──────── The data ────────

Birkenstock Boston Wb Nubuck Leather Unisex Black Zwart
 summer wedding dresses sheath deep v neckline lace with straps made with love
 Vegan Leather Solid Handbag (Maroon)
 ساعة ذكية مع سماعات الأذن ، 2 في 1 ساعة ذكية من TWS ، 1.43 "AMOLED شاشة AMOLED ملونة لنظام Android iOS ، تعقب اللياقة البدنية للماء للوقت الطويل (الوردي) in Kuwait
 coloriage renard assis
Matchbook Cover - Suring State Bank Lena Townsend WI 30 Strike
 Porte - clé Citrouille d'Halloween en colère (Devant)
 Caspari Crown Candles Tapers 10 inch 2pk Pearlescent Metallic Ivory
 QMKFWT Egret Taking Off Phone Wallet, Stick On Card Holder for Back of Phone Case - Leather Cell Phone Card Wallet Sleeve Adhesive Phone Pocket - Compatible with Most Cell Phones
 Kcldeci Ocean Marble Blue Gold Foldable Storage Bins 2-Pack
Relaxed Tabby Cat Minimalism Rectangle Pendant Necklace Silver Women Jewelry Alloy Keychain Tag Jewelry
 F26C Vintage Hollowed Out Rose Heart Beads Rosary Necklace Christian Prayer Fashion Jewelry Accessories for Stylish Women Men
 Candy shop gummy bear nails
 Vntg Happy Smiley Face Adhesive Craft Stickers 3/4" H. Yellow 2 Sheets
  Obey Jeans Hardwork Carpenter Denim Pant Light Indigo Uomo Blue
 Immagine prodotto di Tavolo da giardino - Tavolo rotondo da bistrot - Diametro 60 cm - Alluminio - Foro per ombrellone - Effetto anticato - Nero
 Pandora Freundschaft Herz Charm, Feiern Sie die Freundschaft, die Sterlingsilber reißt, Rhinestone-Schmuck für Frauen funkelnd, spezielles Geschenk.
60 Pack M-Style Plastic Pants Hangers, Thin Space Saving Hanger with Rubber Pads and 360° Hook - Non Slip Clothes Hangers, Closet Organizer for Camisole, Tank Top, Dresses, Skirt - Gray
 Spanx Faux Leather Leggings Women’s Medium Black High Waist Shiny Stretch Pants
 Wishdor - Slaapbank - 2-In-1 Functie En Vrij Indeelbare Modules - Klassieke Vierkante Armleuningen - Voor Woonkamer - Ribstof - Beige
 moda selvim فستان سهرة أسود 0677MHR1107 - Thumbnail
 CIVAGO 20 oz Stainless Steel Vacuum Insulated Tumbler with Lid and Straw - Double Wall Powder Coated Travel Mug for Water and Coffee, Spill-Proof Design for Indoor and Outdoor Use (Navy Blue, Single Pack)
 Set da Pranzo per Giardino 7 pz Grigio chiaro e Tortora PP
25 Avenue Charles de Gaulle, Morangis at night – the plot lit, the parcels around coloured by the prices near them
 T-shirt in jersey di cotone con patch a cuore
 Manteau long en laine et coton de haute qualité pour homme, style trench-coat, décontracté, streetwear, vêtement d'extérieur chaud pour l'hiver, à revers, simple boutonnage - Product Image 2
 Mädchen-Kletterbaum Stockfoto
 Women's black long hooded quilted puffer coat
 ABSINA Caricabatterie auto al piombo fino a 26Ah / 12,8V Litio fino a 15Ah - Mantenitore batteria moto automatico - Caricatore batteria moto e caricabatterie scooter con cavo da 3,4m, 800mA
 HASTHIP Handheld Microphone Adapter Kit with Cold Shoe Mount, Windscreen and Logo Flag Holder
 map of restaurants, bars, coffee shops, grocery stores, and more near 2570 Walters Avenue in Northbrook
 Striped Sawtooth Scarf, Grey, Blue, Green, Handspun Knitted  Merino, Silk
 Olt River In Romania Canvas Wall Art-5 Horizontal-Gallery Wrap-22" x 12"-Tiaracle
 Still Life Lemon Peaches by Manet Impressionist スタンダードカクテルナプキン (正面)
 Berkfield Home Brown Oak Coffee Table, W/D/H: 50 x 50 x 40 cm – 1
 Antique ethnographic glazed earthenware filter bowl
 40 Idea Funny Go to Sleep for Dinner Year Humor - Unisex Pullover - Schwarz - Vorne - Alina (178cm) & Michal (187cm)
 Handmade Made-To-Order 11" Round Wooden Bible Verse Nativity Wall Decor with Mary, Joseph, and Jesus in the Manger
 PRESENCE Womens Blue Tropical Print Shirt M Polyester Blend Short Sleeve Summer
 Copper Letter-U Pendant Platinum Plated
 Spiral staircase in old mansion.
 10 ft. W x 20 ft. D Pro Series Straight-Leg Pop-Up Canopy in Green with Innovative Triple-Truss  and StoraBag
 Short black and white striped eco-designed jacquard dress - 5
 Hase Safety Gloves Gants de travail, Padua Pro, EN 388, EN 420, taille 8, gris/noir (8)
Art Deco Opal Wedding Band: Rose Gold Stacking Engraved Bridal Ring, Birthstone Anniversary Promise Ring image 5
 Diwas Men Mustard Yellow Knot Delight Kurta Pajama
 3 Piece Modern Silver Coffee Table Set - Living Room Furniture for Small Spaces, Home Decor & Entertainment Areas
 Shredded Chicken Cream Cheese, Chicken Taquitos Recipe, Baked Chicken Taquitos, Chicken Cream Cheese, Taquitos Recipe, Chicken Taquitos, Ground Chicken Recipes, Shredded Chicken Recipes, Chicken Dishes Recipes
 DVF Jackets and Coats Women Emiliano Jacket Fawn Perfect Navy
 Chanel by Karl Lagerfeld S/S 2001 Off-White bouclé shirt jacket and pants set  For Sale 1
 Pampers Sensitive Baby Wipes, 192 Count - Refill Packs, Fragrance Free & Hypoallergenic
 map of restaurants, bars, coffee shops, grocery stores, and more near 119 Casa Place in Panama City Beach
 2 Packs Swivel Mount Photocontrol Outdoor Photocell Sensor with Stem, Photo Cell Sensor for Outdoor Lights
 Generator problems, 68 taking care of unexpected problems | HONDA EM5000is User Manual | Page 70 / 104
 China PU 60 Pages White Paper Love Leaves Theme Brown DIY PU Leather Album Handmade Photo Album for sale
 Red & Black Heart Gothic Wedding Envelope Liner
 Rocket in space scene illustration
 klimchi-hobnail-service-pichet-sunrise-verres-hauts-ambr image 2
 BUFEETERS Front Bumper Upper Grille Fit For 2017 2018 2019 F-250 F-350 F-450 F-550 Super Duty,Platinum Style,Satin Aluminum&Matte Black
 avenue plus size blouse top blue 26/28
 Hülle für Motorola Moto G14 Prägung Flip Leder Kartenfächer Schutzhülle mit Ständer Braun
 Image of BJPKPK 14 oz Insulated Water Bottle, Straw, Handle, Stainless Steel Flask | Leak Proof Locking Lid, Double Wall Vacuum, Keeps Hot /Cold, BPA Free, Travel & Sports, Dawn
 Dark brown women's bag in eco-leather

────────

- _To do_
Copy out each line of the material that holds the word "Short".

- _Expected answer_
 PRESENCE Womens Blue Tropical Print Shirt M Polyester Blend Short Sleeve Summer
 Short black and white striped eco-designed jacquard dress - 5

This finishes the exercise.